- by foxnews
- 28 Nov 2024
It was early in the 2010 AFL season and the Hawthorn coach, Alastair Clarkson, was under pressure.
His side had lost six of its first seven games, prompting the club president, the volatile former Victorian premier Jeff Kennett, to send a seething email to members.
The season finished in an elimination finals exit, yet Clarkson was upbeat.
But 2010 was the start of what has been called the greatest scandal in AFL history: allegations of horrific treatment of Indigenous players and their partners by Clarkson and other employees at Hawthorn.
According to the claims made during an independent investigation commissioned by the club, players were forced into separating from their partners, and one was told to tell his partner to terminate her pregnancy.
The allegations taint the legacy of Clarkson and the teams he ruthlessly led to greatness.
And they appear set to unleash a reckoning in the AFL unmatched by previous racism scandals, from the booing of Adam Goodes to the abuse of Nicky Winmar.
In the email the woman said the club had forced her partner to break off their relationship.

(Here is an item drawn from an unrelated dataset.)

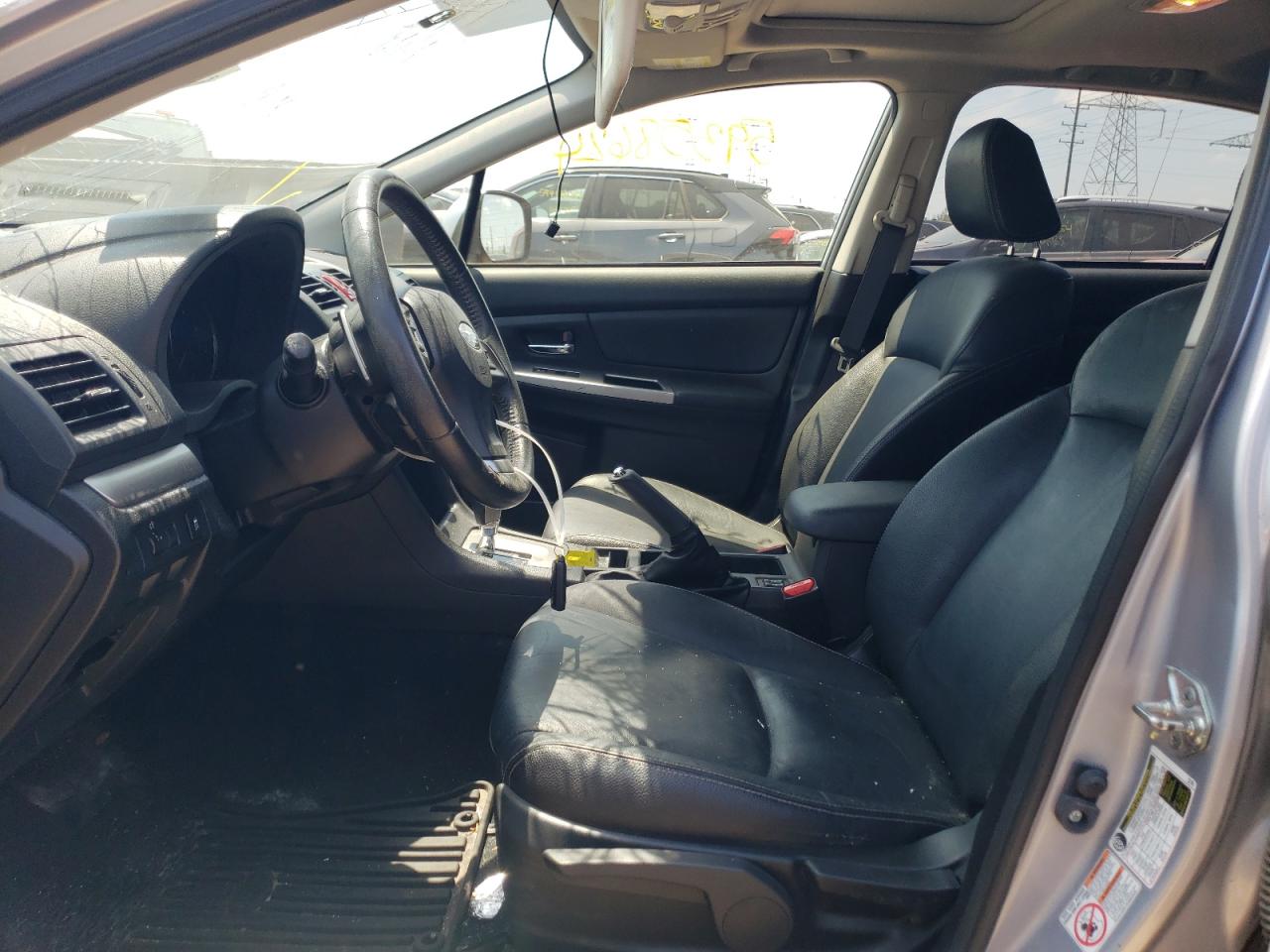 2014 Subaru Xv Crosstrek 2.0I Hybrid Touring VIN: JF2GPBKC2EH232588 Lot: 59358624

She said that on 13 March the player had a meeting with the then head of coaching and development, Chris Fagan, which involved the player being questioned about his personal life, including his recent engagement.
On the afternoon of 15 March, she said her partner, Clarkson, Fagan and former player development manager Jason Burt came to the house. Her mother had arrived soon before to warn her they were coming.
The woman said she had been with her partner for eight years, having started a relationship at 13. They had been due to hold an engagement party with 92 guests only days after the player was moved out of the house.
After he was moved out and she was allegedly unable to contact him, she called the police.
According to the email chain included in the report, she said she thought a catchup would be beneficial, but that the club would not be the best place.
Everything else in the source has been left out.